- _What is required_:
Beginning with the line that has "Conquer Pedra da" and ending with the line that has "Zara Long Sleeve Button-Down Shirt (view 1)", retype the entries below exactly, except for the pictures.

- _Exercise inputs_:
--- --- ---
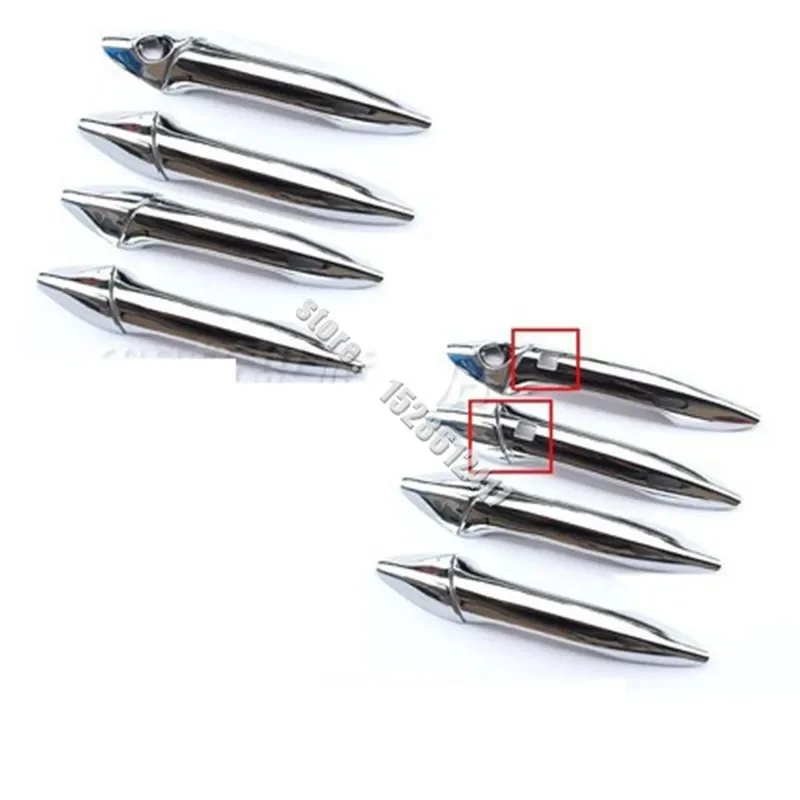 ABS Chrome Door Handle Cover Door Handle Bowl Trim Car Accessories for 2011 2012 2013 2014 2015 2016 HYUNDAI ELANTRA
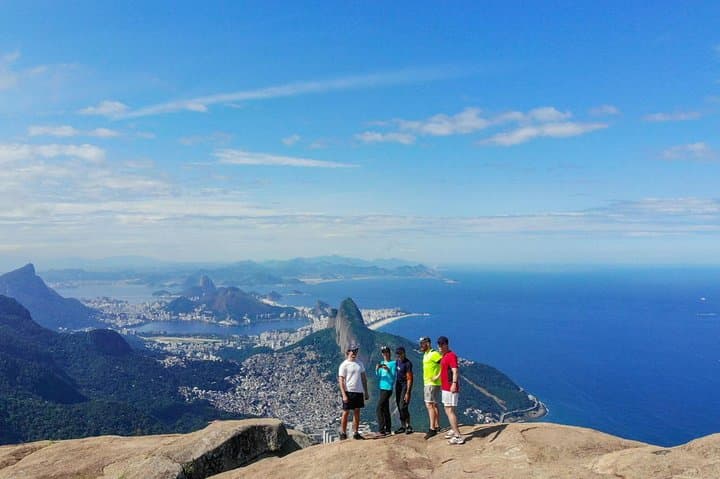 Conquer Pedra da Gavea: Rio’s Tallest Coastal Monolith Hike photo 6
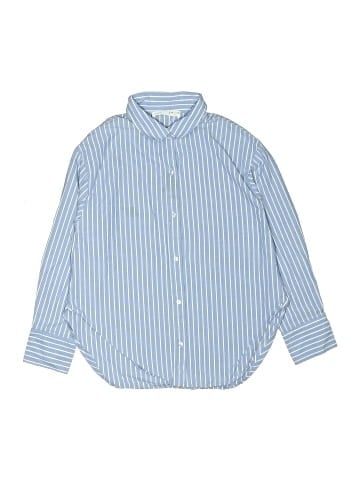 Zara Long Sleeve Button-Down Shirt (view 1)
--- --- ---
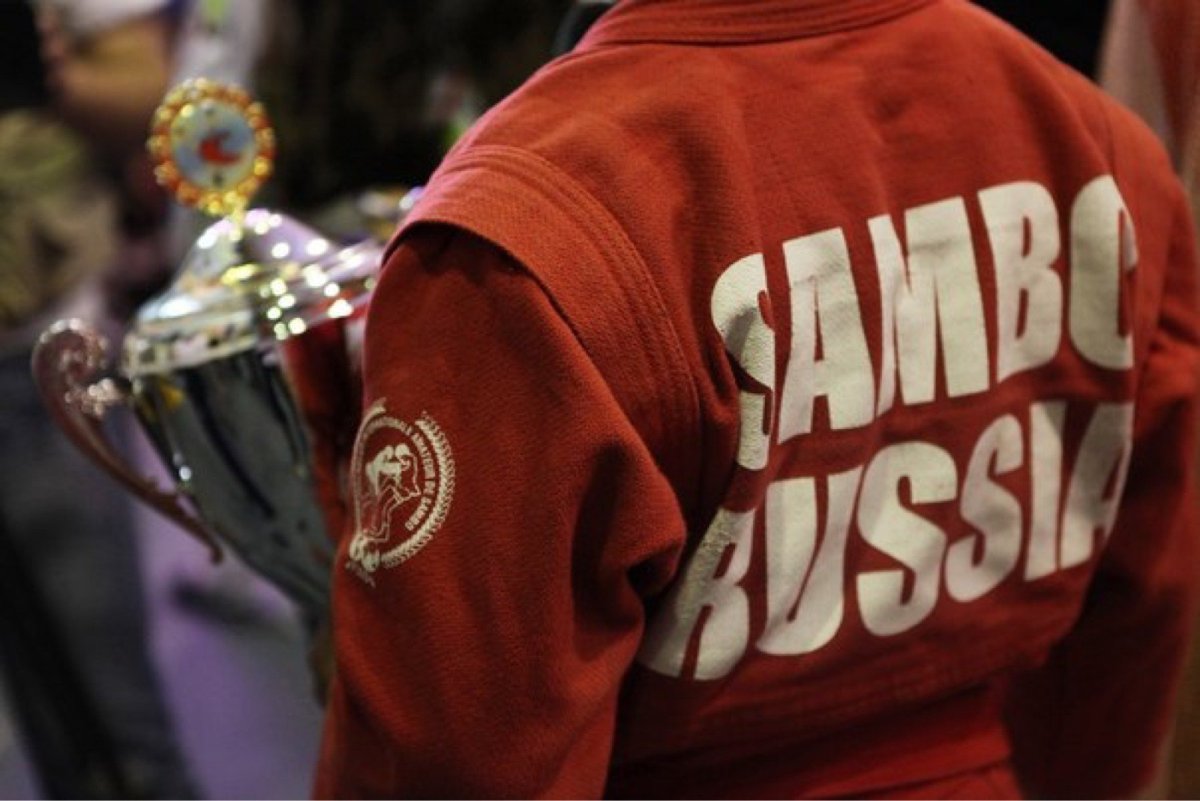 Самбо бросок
--- --- ---
- _Response box_:
 Conquer Pedra da Gavea: Rio’s Tallest Coastal Monolith Hike photo 6
 Zara Long Sleeve Button-Down Shirt (view 1)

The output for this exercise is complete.